For immediate release
1 November 2013
Belphar Ltd ("Belphar")
Response to announcement by Pan European Terminals PLC ("Pan" or
the "Company")
Belphar notes the announcement, released this morning by Pan and
confirms that discussions have taken place with the Board of Pan
("Board"). Belphar is disappointed that these discussions have, to
date, not led to a recommendation. Belphar also confirms that it
has declined to receive any non-public information or undertake any
due diligence on Pan on the basis that this may restrict its
ability to deal in Pan's securities.
Despite the current lack of a recommendation from the Board,
Belphar remains committed to progressing its Possible Offer, at a
price of 22(*) pence per Pan Ordinary Share, which it believes
would represent an attractive opportunity for holders of Pan
Ordinary Shares to monetise, in full and in cash, their
shareholdings at a level in excess of the closing mid-market price
for a Pan Ordinary Share on all save for two trading days out of
the last 22 months (i.e. since the date that Pan's suspension from
trading on AIM was lifted, on 15 December 2011).

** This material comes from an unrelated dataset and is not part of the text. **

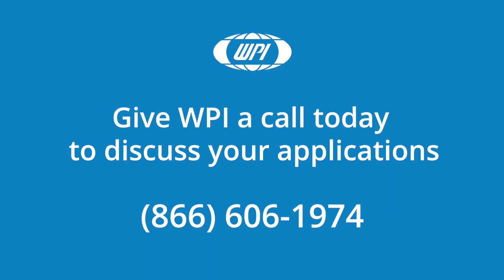If you have any questions about the Peristar Pro or the tubing used with it, just give us a call.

The Possible Offer, if made, would represent a premium of
approximately 12.8 per cent. to the mid-market price of a Pan
Ordinary Share on 21 October 2013, being the latest practicable day
prior to Belphar's Possible Offer announcement, and a premium of
approximately 9.7 per cent. to the mid-market VWAP of a Pan
Ordinary Share over the 12 months to 21 October 2013, being the
latest practicable day prior to the Possible Offer
announcement.
All defined terms used in this announcement are as defined in
the Possible Offer announcement of 21 October 2013 unless the
context otherwise requires.
Further announcements will be made as and when appropriate.
- ENDS -
For further information, please visit www.belphar.com or
contact:
Belphar Ltd Tel: +44 (0) 20 3131 0046
Khofiz Shakhidi
Belphar Family Office Tel: +44 (0) 20 3131 0046
Nadeem Rahman
Strand Hanson Limited - Financial Tel: +44 (0) 20 7409 3494
Adviser to Belphar Ltd
Stuart Faulkner
Matthew Chandler
James Dance
Bell Pottinger - Financial PR Tel: +44 (0) 20 7861 3232
Mark Antelme
Henry Lerwill
(*) -Belphar reserves the right to make an offer at any time, at
a value below 22.0 pence for each Pan Ordinary Share, under the
following circumstances:
a) with the agreement and recommendation of the Board; and / or
b) to the extent that Pan declares, makes or pays any dividend
or distribution or other payment to its shareholders; and / or
c) a third party announces a possible or firm intention to make an offer for Pan.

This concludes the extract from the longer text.